# [TASK]
Write the records below out again word for word, with the pictures removed.

== Segment start ==

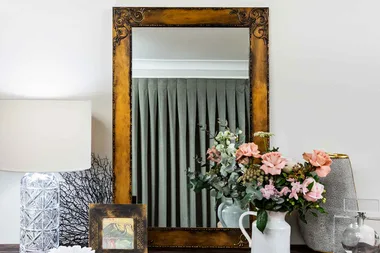 How to antique a mirror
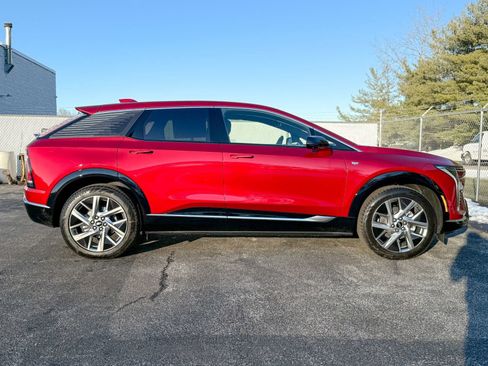 New 2026 Cadillac Optiq Luxury 1 image 10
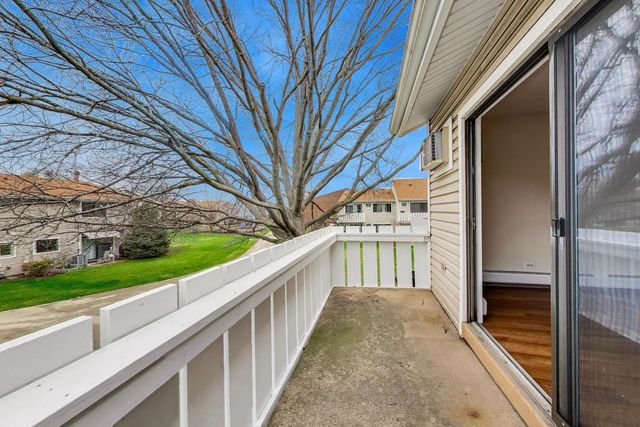 400 Bayside Drive 5, Palatine, IL 60074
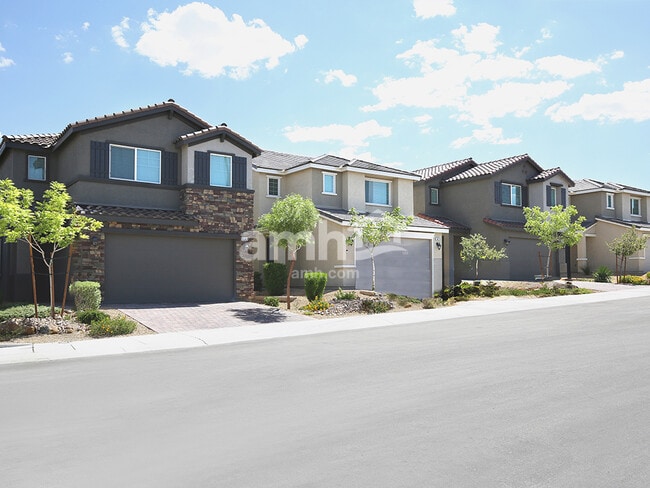 Building Photo - 3324 Blodwen St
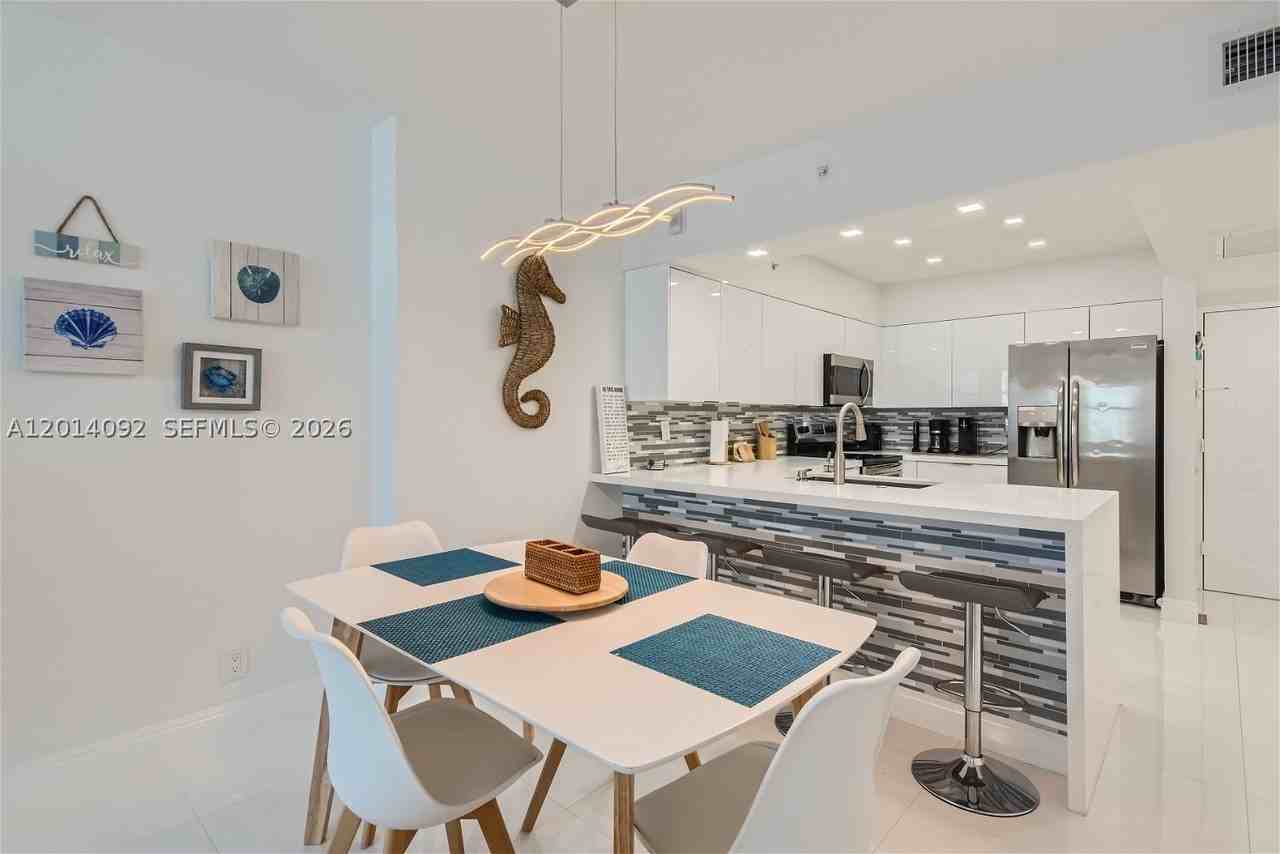 2501 S Ocean Dr #1103 - Photo 4 of 23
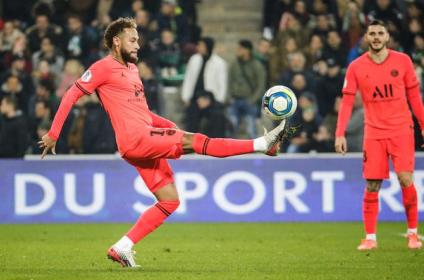 Neymar diz ter ‘envolvimento máximo’ com PSG e mira título da Liga dos Campeões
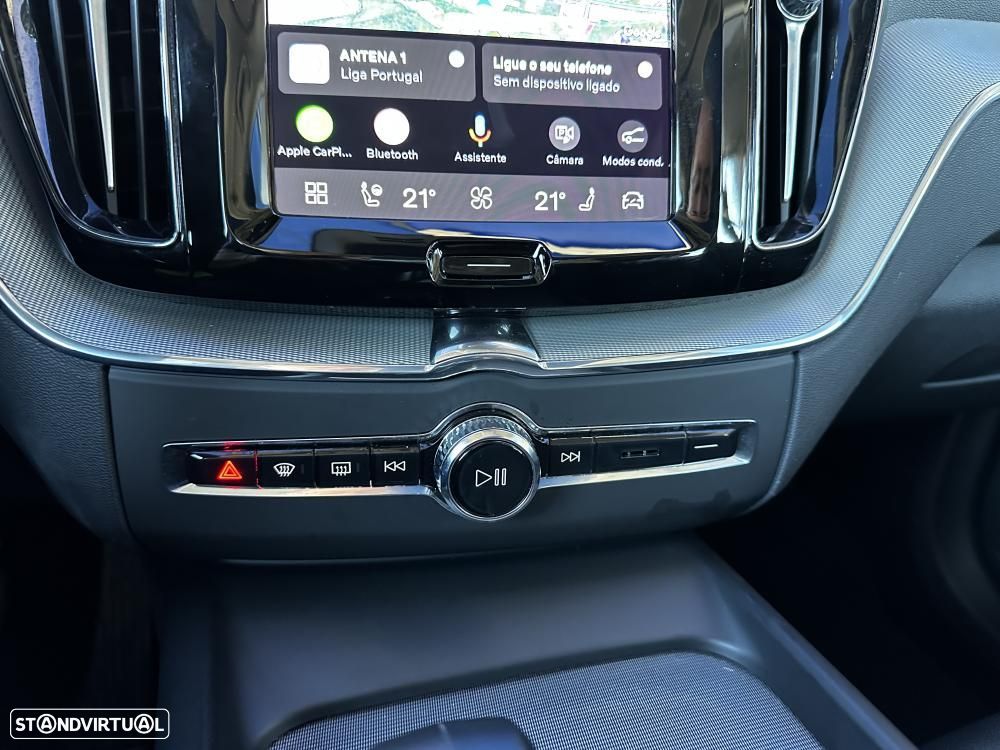 Volvo XC 60 T6 AWD Recharge Plus Dark - 36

== Segment end ==

# [YOUR SOLUTION]
 How to antique a mirror
 New 2026 Cadillac Optiq Luxury 1 image 10
 400 Bayside Drive 5, Palatine, IL 60074
 Building Photo - 3324 Blodwen St
 2501 S Ocean Dr #1103 - Photo 4 of 23
 Neymar diz ter ‘envolvimento máximo’ com PSG e mira título da Liga dos Campeões
 Volvo XC 60 T6 AWD Recharge Plus Dark - 36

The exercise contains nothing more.